The Politics of Rape in Colonial South Africa

Saturday, January 6, 2018: 2:10 PM
Virginia Suite B (Marriott Wardman Park)
Elizabeth Thornberry, Johns Hopkins University
During the South African winter of 2006, Jacob Zuma went on trial for rape. As the trial unfolded, thousands of South Africans participated in public demonstrations supporting his accuser. The public furor that surrounded Jacob Zuma's rape trial revealed both a deep cleavage in South African society on the subject of sexual consent and the explosive political charge of the issue. In contemporary South Africa, the question of who has the right to consent to—or refuse—sex is intertwined with the question of who has the legitimate right to exercise political power?
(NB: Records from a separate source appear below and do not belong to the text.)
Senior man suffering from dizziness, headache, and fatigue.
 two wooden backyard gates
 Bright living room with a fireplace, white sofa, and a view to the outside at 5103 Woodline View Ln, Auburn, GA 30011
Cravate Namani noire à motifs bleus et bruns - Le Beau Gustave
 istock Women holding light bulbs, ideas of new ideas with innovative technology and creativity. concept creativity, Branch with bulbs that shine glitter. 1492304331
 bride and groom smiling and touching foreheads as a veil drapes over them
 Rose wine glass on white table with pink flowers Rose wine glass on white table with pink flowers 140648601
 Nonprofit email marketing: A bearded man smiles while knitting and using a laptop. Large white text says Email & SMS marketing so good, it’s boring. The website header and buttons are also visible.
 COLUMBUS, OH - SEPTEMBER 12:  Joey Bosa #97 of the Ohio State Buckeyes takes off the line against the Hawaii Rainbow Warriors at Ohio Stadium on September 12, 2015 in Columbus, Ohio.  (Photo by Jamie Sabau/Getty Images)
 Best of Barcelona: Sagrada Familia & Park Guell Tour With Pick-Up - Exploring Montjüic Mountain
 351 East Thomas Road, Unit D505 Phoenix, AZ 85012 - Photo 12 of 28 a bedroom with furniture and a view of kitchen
This paper traces the roots of this entanglement to the period of British colonialization of South Africa. Colonial South Africa saw intense debates over the question of governance. Liberal humanitarians, racial nationalists, defenders of African “custom,” and millenarian prophets all put forward distinctive visions of legitimate political authority. I argue here that these debates both shaped and were shaped by equally intense struggles over the control of sexuality, and particularly female sexuality. Fears of rape, of miscegenation, and of the loss of patriarchal control over women all drove the political claims put forth under colonial rule. Conversely, as colonial court records reveal, women’s attempts to prosecute complaints of rape were shaped—and undermined—by these competing theories of sexual and political authority.